What’s the solution? If it were possible to raise the money, I would buy a racetrack and run it as a non-profit. Hear me out. That does NOT mean we wouldn’t want to make money, just that we would run as a non-profit. Purses would be excellent and we would make sure that the money went back into the facilty and operation. Here is how I see it working:
Horsemen own the racino. Of course the state would take their cut, as states involved with gaming do, but the cut would be reasonable. Not the joke that passes for a gaming tax in Nevada (while teachers get laid off and public services suffer) or the punitive tax proposed by Kansas which birthed a stillborn racino industry. Somewhere along the lines of 30% seems fair and reasonable to me. Let’s say we have a 2,000 slot racino earning $200 per machine per day – not an unreasonable assumption outside of Nevada and, in fact, very conservative. That would generate nearly $44 million a year for the state and just over $100,000,000 for the track. Combine that with handle on live racing and simulcasting and you have a successful 100 day meet.
We'd race four days a week from April through September making sure that we run in the evenings on weekdays.

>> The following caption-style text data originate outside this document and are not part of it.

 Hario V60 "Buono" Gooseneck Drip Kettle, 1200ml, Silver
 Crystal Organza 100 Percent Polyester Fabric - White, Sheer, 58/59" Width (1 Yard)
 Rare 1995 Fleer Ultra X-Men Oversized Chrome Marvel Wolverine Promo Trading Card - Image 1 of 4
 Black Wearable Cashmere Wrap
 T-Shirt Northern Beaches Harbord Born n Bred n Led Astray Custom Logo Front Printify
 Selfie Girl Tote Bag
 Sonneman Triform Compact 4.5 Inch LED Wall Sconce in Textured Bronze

Hell, while I’m living in fantasyland, having a racetrack in the north and the south would create a circuit with race dates in the south from October through March. There would still be competition from casinos and other entertainment options and therefore a need for quality food and beverage, outstanding customer service and clean comfortable facilities. The quarter to quarter pressures of a public company would be gone, however, replaced instead with a commitment to horsemen, horses, agriculture and community service. Far-fetched as this may sound, it does exist, sort of, in Iowa at Prairie Meadows. The difference there is that the non-profit is not racing but community based so the pressure there is to close down racing so there can be more money for the county, the purpose of opening the racino in the first place to promote the horse industry and agriculture forgotten amid the swirl of slot money.
The point isn’t so much the way the numbers above calculate but that the pressures the operation would be under would be entirely different than they are today under a Penn National or Churchill Downs. There are no shareholders clamoring for constant growth. No hue and cry to get rid of that high expense racing product to add more slot machines. There would be money for the state, money for the horsemen and money for the bettors (takeout should be able to be held to more reasonable levels than it is now). There could even be money for horse rescue, injured jockey funds, backstretch workers and other racing and even community based charities. I know I’m taking more Utopia than reality since these pressures would be sure to be replaced by others, human nature being what it is, but it is going to be very difficult for any public company, no matter their commitment to racing, to resist the call of shareholders for greater growth once they get a taste. After all, I remember when Penn National was just a crappy racecourse in Grantville, PA.
According to the Thoroughbred Times, national handle in 2010, while down, was still over $11.4 BILLION. Those of us among the living are betting that money, Mr. Carlino, and if you don’t want a piece of it, I’d be glad to run a racino that would take it off your hands.